The euro fell on Monday on bets of stimulus from the European Central Bank meeting later this week to support fragile eurozone growth, while the dollar firmed following a solid payrolls report last week.
Most commodity currencies were little changed amid recent gains in oil and industrial metal prices and the following assurance from China this weekend the world’s second-largest economy isn’t heading for a hard landing.
The ECB is expected on Thursday to push interest rates further into negative territory and make some kind of adjustment to its 1.1 trillion euro bond-purchase program, but after the bank disappointed many in markets in December, traders were loath to bet more heavily against the single currency.

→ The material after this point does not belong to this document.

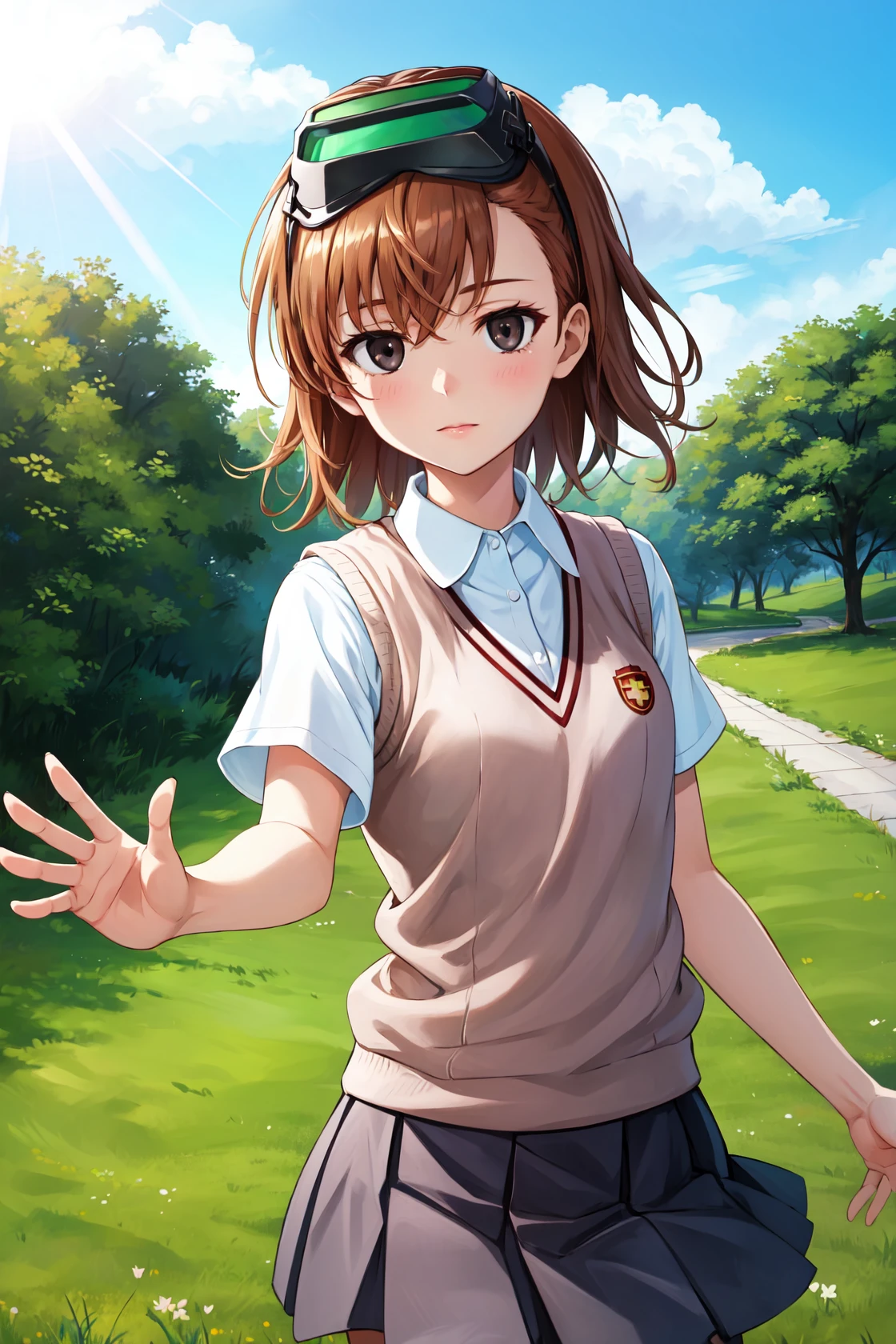 masterpiece, best quality, highres,
MisakaImoutoDef, 1girl, solo, cover, short hair, brown hair, black eyes, empty eyes, goggles, goggles on head, head-mounted display,
school uniform, sweater vest, shirt, skirt, pleated skirt, white shirt, v-neck, short sleeves, tokiwadai school uniform, misaka imouto,
upper body, looking at viewer, waving, waving arms, outdoors, forest, field, sky, blue sky, sunlight, <lora:LoRA_MisakaImouto:1>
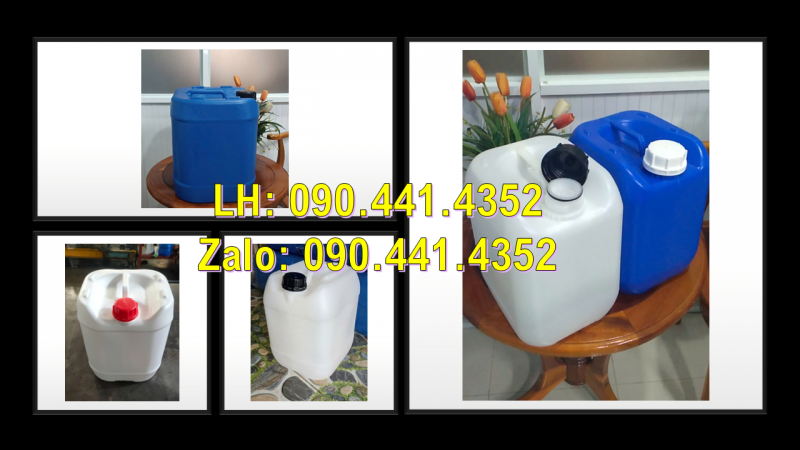 Can nhựa 10 lít đựng muối axit (có sinh khí), can nhựa 20 lít đựng sút, can nhựa 25 lít đựng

The greenback rose on the euro weakness as well as traders’ reassessment of Friday’s jobs report that showed stronger-than-forecast hiring in February and a surprise dip in average hourly earnings.
The dollar had slipped on Friday as some investors focused on the disappointing wage aspect of the report, but it has since rebounded on the view of a diminished likelihood of a U.S. recession in the coming months.
Meanwhile, most commodity currencies were flat to marginally lower against the dollar even as spot iron ore prices surged nearly 20 percent to over eight-month highs partly on bets on stronger Chinese demand.
Oil futures reached three-month highs in hopes of reduced supply in the face of soft global demand. [O/R]
Canada and New Zealand’s central banks will hold policy meetings on Wednesday and Thursday, respectively.